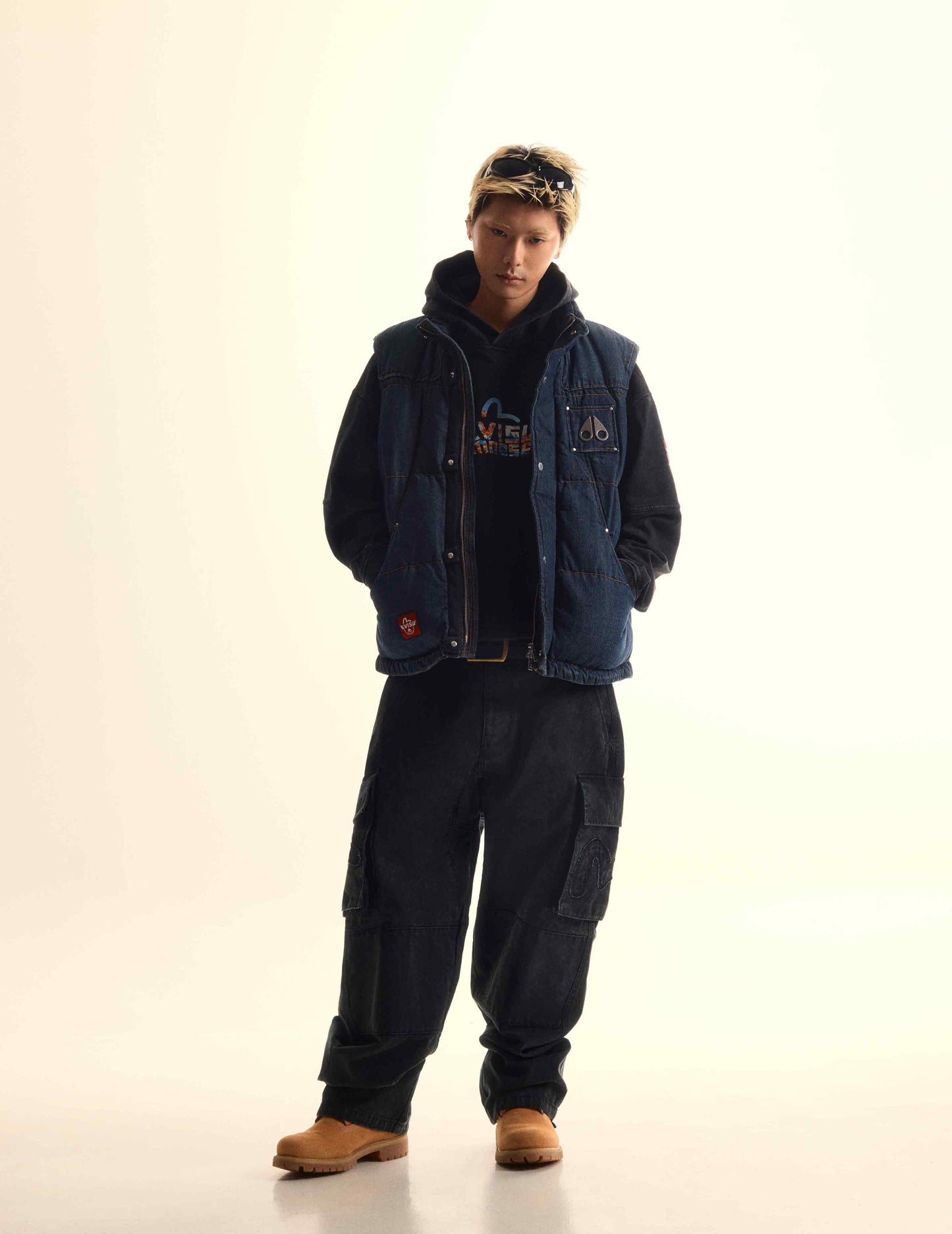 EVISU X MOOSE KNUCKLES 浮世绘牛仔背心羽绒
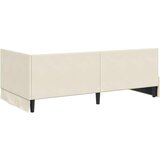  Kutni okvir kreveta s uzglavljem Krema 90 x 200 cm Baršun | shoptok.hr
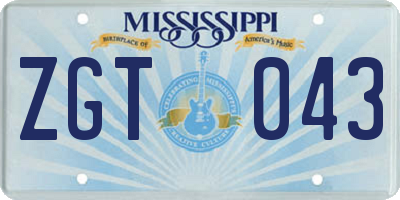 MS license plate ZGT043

* * *

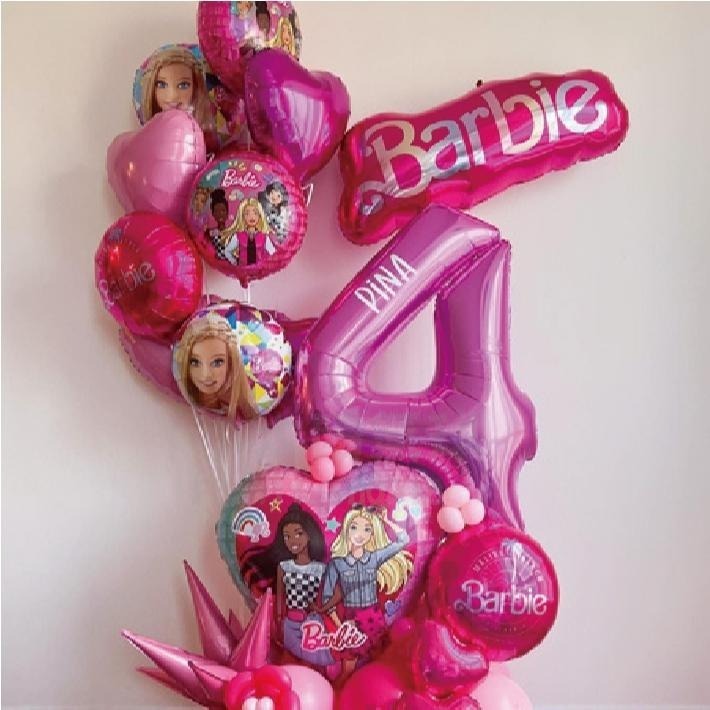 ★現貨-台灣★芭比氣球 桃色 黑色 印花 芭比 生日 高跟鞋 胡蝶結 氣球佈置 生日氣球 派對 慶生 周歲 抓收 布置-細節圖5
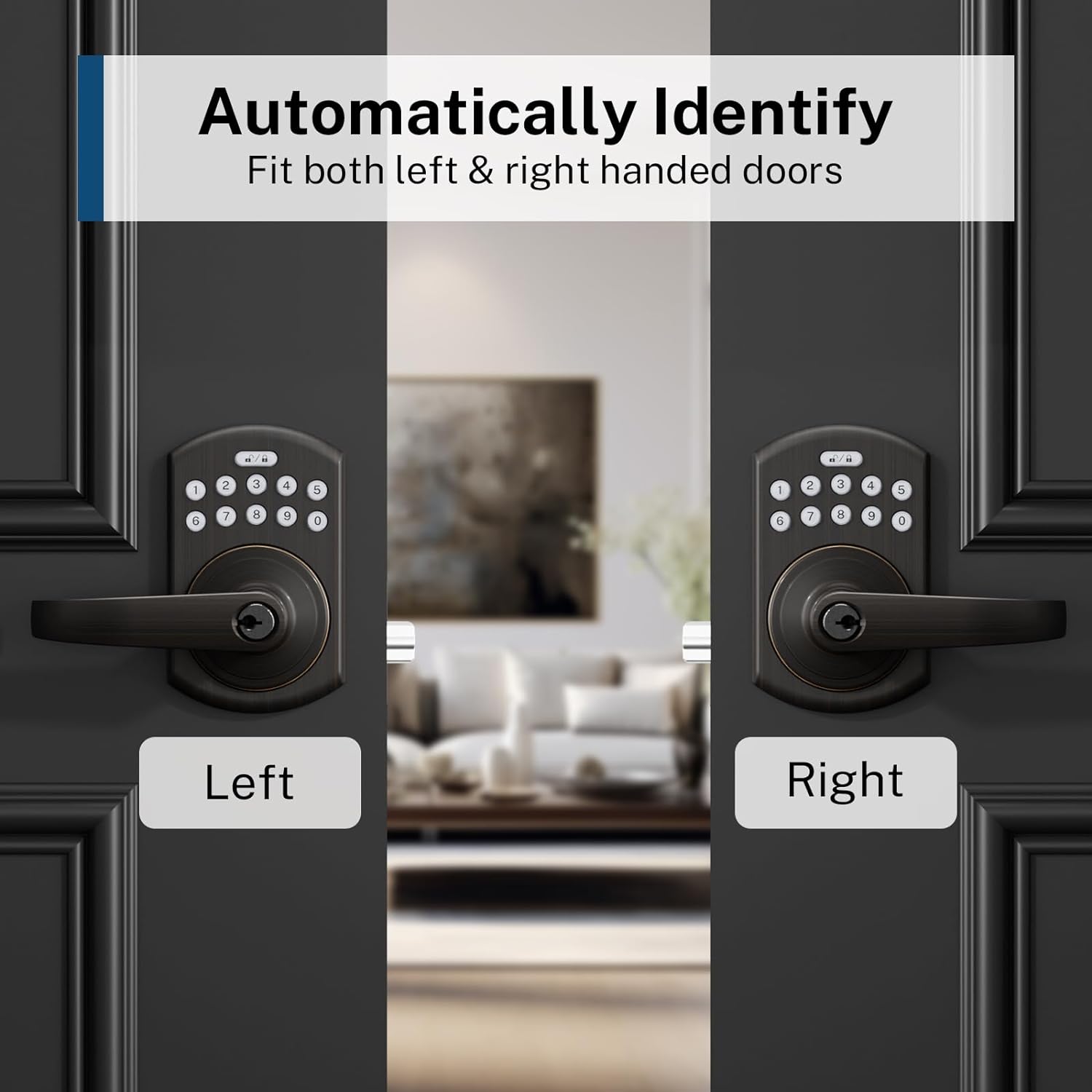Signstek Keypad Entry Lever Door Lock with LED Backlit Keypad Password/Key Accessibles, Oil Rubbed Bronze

...

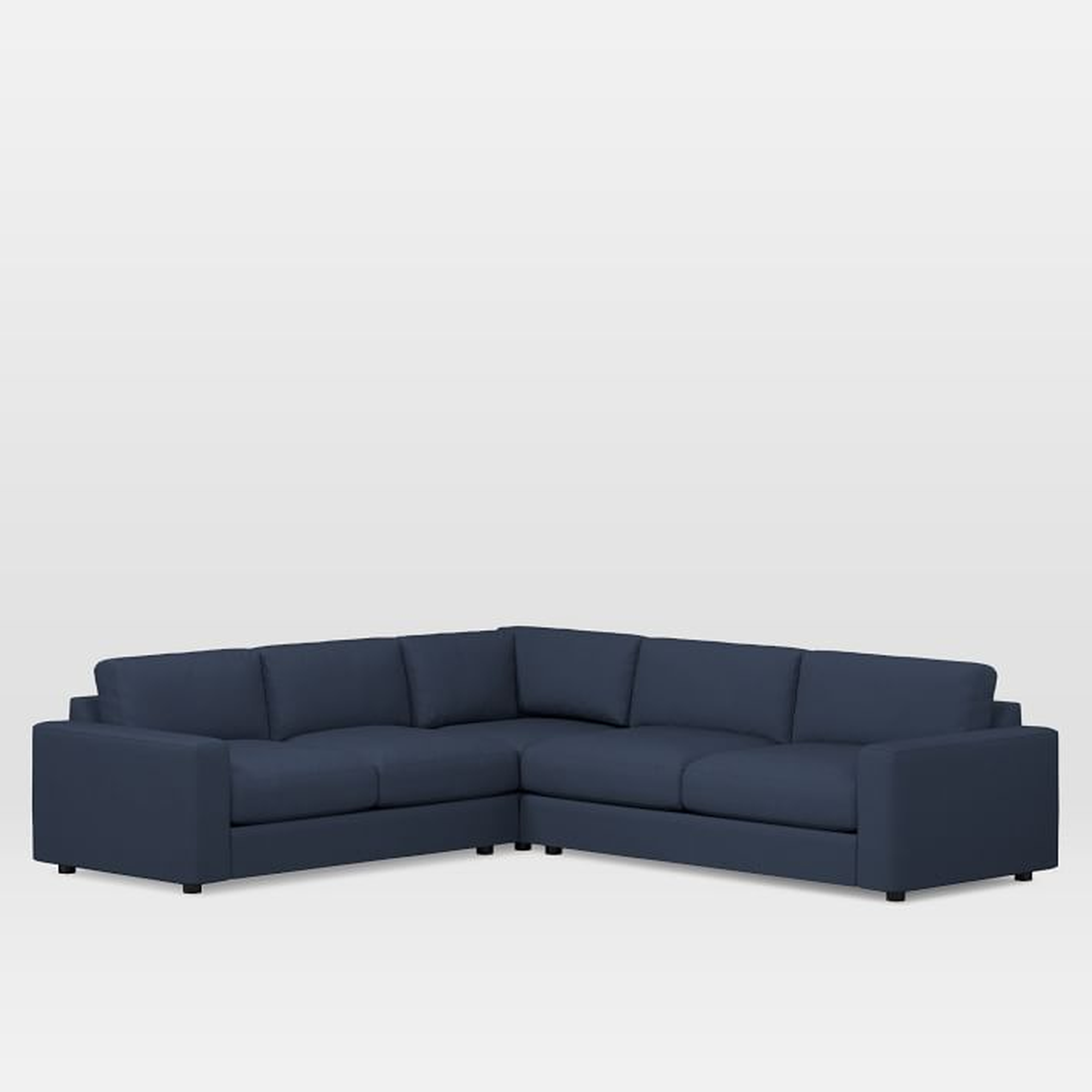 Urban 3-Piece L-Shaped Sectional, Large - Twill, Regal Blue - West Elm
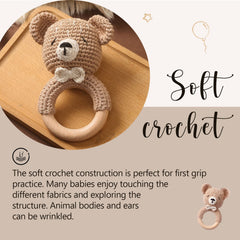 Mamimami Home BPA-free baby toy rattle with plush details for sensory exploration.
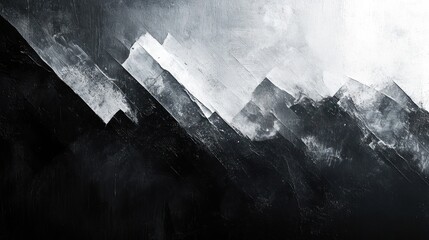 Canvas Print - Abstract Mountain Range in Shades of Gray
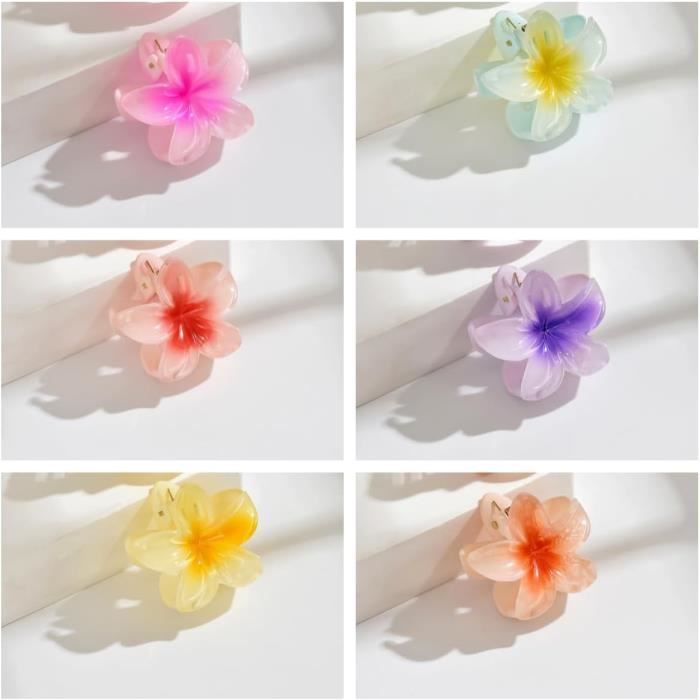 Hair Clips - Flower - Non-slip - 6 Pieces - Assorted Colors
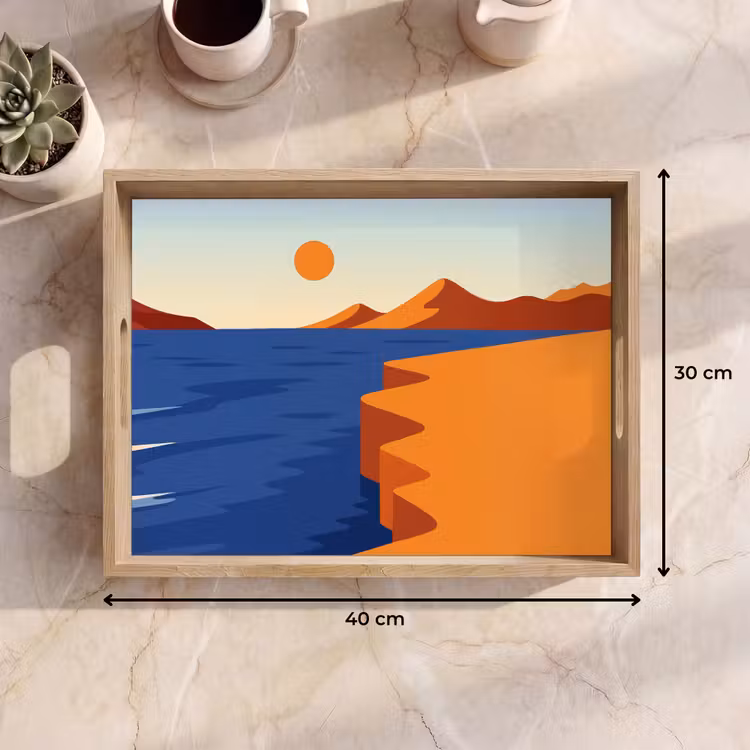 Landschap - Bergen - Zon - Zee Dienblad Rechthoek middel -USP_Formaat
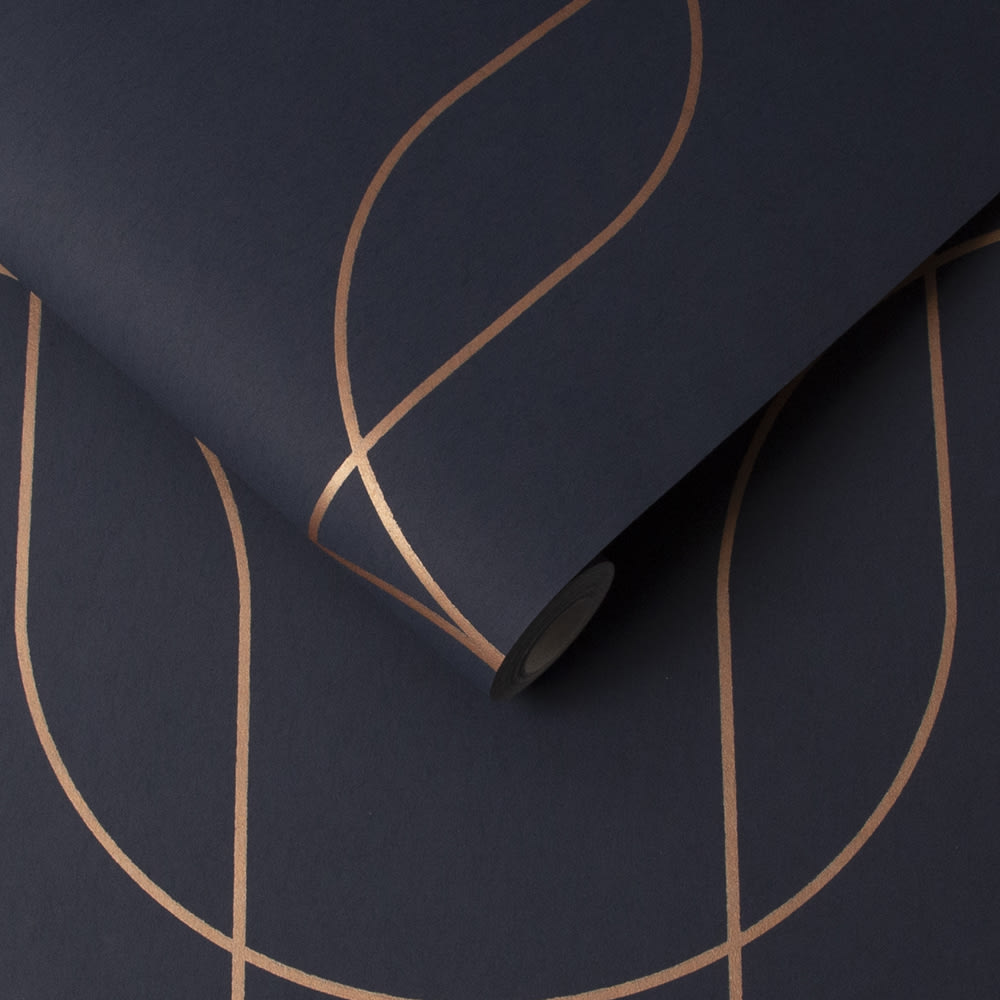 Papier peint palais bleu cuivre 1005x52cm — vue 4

WORK REQUIRED
Return exactly the part of the listing above that opens with the line containing "Urban 3-Piece L-Shaped" and closes with the line containing "Papier peint palais". Pictures stay out.

SOLUTION FOR THIS TASK
 Urban 3-Piece L-Shaped Sectional, Large - Twill, Regal Blue - West Elm
 Mamimami Home BPA-free baby toy rattle with plush details for sensory exploration.
 Canvas Print - Abstract Mountain Range in Shades of Gray
 Hair Clips - Flower - Non-slip - 6 Pieces - Assorted Colors
 Landschap - Bergen - Zon - Zee Dienblad Rechthoek middel -USP_Formaat
 Papier peint palais bleu cuivre 1005x52cm — vue 4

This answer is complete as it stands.